[GIVEN ENTRIES Boundary: Start]
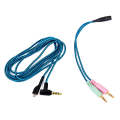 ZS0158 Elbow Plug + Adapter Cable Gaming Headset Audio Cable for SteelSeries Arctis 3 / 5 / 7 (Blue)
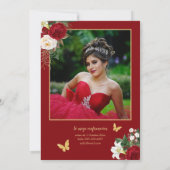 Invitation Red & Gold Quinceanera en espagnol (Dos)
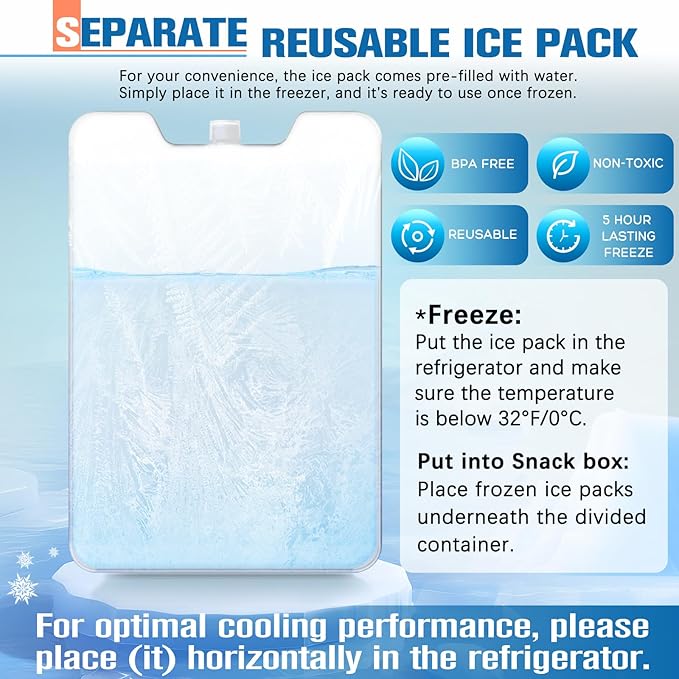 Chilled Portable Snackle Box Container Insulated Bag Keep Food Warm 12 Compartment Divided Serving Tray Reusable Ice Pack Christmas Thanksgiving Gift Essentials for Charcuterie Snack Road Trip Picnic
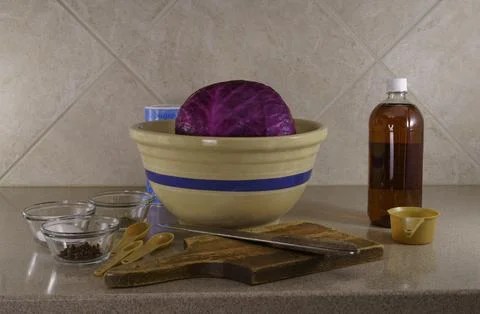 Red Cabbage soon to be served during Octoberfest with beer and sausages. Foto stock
[GIVEN ENTRIES Boundary: End]
[GIVEN ENTRIES Boundary: Start]
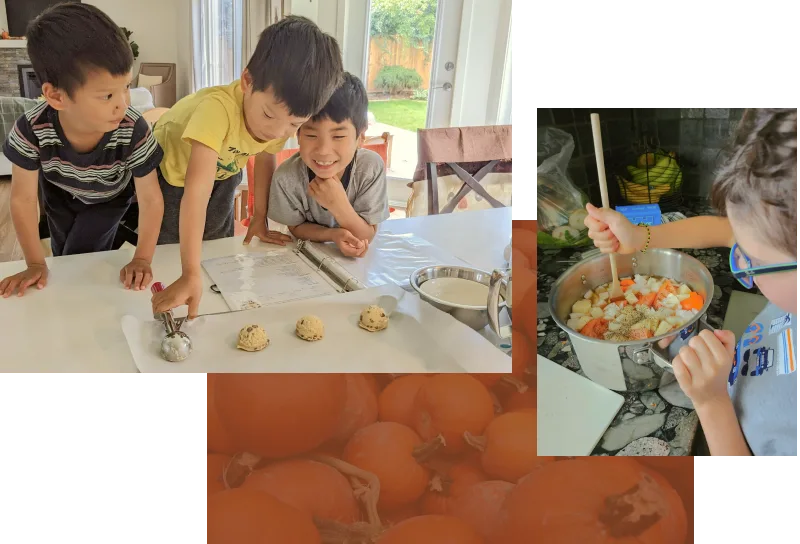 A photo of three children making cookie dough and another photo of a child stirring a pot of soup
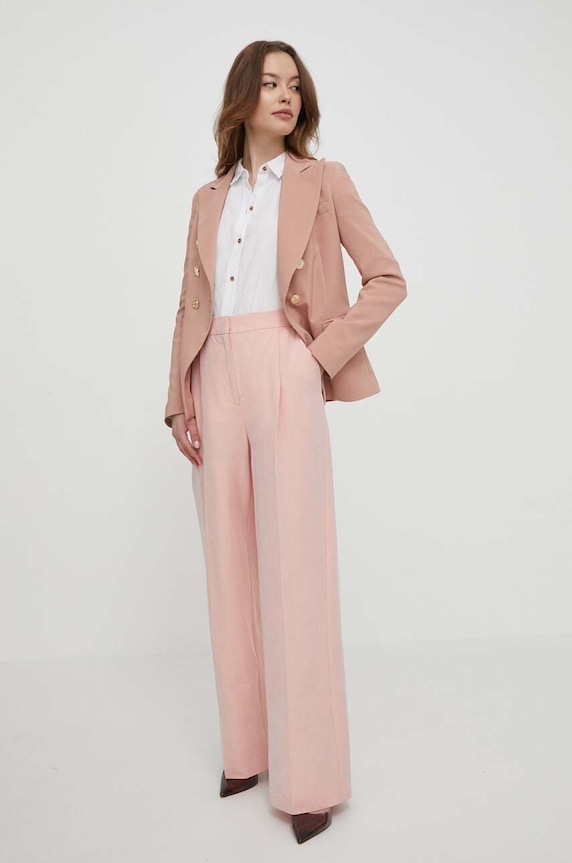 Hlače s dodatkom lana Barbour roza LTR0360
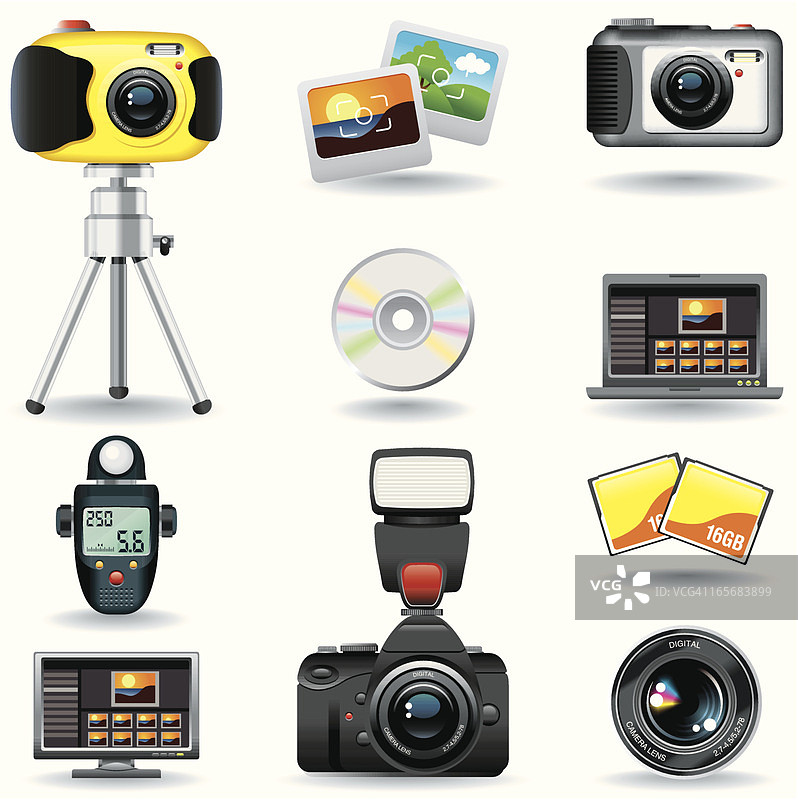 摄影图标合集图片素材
[GIVEN ENTRIES Boundary: End]
Beginning at the line above that contains "ZS0158 Elbow Plug" and going on through the line that contains "Red Cabbage soon", please copy every line exactly, leaving the pictures out and adding nothing.

### TASK RESPONSE
 ZS0158 Elbow Plug + Adapter Cable Gaming Headset Audio Cable for SteelSeries Arctis 3 / 5 / 7 (Blue)
 Invitation Red & Gold Quinceanera en espagnol (Dos)
 Chilled Portable Snackle Box Container Insulated Bag Keep Food Warm 12 Compartment Divided Serving Tray Reusable Ice Pack Christmas Thanksgiving Gift Essentials for Charcuterie Snack Road Trip Picnic
 Red Cabbage soon to be served during Octoberfest with beer and sausages. Foto stock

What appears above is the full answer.